Wasko joins the archdiocese after 10 years with the Detroit Public Schools, where he served as executive director of enrollment and assistant superintendent for community relations. Before then, he served in similar roles with West Bloomfield Public Schools.

Wasko said he was excited to join school leaders and educators during a “very special time of grace” in the archdiocese of renewing schools in the spirit of Unleash the Gospel.

A lifelong member of St. Suzanne/Our Lady Gate of Heaven Parish in Detroit, Wasko has served in a number of parish and community roles and in inner-city educational initiatives, including at the Siena Literacy Center, Christ the King Service Corps and the St. Suzanne Cody Rouge Community Resource Center, a west-side neighborhood center that “empowers children, families and youth with hope.”

Wasko holds bachelor’s and master’s degrees from the University of Michigan and a certificate in advanced educational leadership from the Harvard Graduate School of Education. He's also a member of the Knights of Columbus and is in formation as a Secular Franciscan.

With the archdiocese, Wasko will focus on unifying Catholic schools’ strategic planning and accreditation processes, working with the Michigan Association of Non-Public Schools and other partners to promote healthy schools.

On the heels of a recently completed Catholic schools strategic planning process, Unleashing Our Catholic Schools, Wasko said the next steps will involve finding common threads among southeast Michigan’s Catholic schools while maintaining the focus on what makes each school unique.

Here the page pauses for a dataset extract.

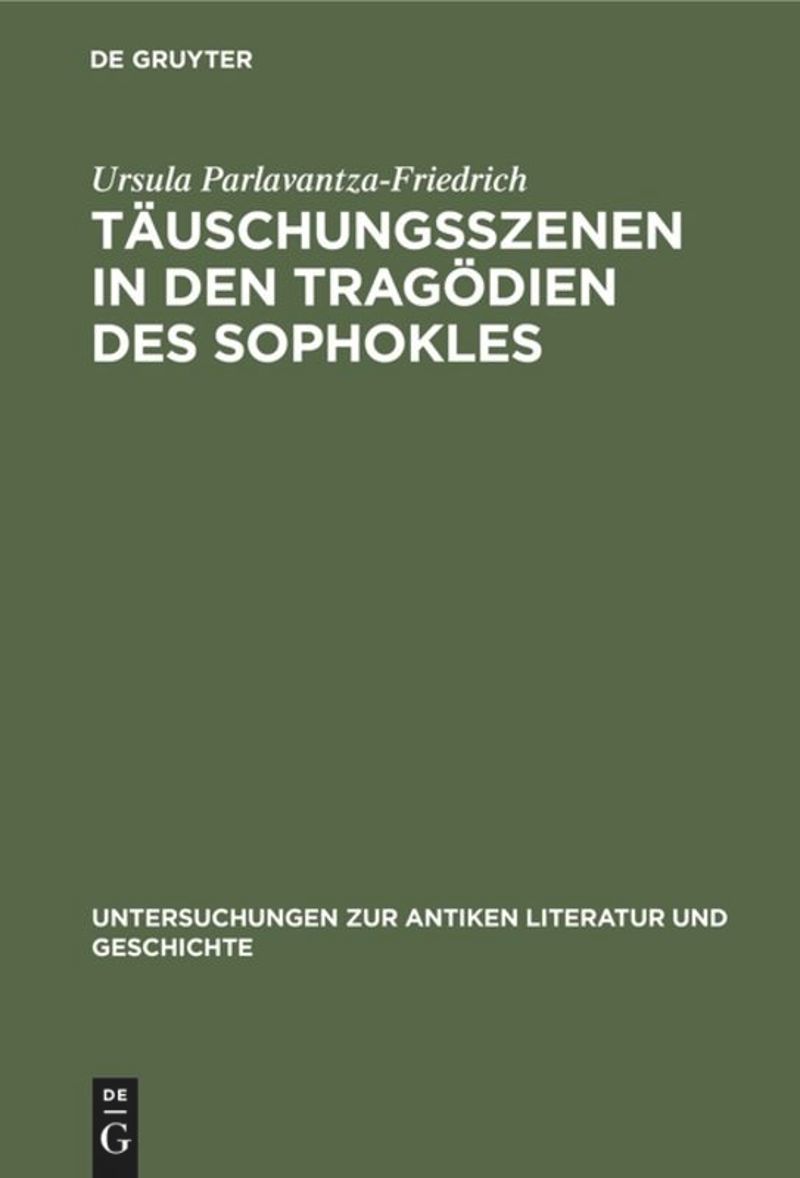 book: Täuschungsszenen in den Tragödien des Sophokles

“Guided by the Holy Spirit, I look forward to joining with them in creating and sustaining their unique and enduring strategy that serves their particular community and mission across the diversity of regions in the archdiocese,” he said.

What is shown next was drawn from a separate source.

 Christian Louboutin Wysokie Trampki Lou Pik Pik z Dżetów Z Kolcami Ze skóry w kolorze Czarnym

Wasko added he sees the work already undergone by the region's Catholic schools “not a collection of 60 or 70 strategic plans — as important as those are — but as a group, we need to define an overall, enduring strategy. It’s about answering the question, ‘Why does this school exist at this time and place to serve this particular community?’”

Wasko added he will also focus on continuing the work begun last year on a marketing and advancement strategy for the archdiocese’s Catholic schools, with a special focus on schools within the city of Detroit.

“I believe our schools can grow in every respect with our support and service as well as assistance in communicating and sharing their successes,” he said.

May Bluestein, Ph.D., the Archdiocese of Detroit's new assistant superintendent for curriculum, instruction and assessment, began her new position on July 8.

May Bluestein, Ph.D.

Bluestein brings 12 years of experience as a teacher of French, English and English as a second language (ESL) at Bishop Foley High School in Madison Heights to her new role as assistant superintendent of curriculum, instruction and assessment.

Bluestein said she was blessed to join the archdiocese after “Divine Providence presented it to me.”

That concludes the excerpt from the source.